Technological innovation and creative craftsmanship turn waste into sustainable products

In Uganda, banana waste is increasingly becoming a vital economic opportunity, enabling the development of new industries and technologies to transform banana stalks into fibres for wicks and sustainable textiles and handicrafts.

Bananas have always been a major source of waste, with large tonnes ending up in landfills after harvest and processing. Every harvest season, banana stalks are thrown away, resulting in environmental problems for banana farmers. This is because in Uganda, as in other countries in the region, the waste recycling system is not very developed.

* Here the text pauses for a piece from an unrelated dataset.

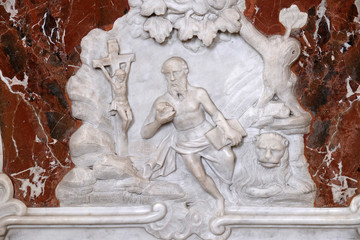 Fototapeta premium Saint Jerome, relief on the altar of Saint Jerome in the Saint John the Baptist church in Zagreb, Croatia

However, there is already a desire to protect the environment through a circular economy approach. The environmental dimension is therefore an important factor for development, as presented by economist Kate Raworth (The Donut Theory: Tomorrow’s Economy): achieving development without destroying the environment and biodiversity. The basis for a sustainable economy.

In Uganda, a new technology is emerging to generate resources from waste. In an attempt to improve this process, small-scale banana producers in Uganda have collaborated with the local non-formal engineering sector to develop an extraction machine that facilitates the processing of banana fibre.

In this way, the domestic banana fibre industry aims to increase the production of environmentally friendly products by mechanising part of the production process, while retaining more than 60 per cent manual processes. Uganda aims to become a centre of excellence for the production of sustainable and environmentally friendly products in Africa.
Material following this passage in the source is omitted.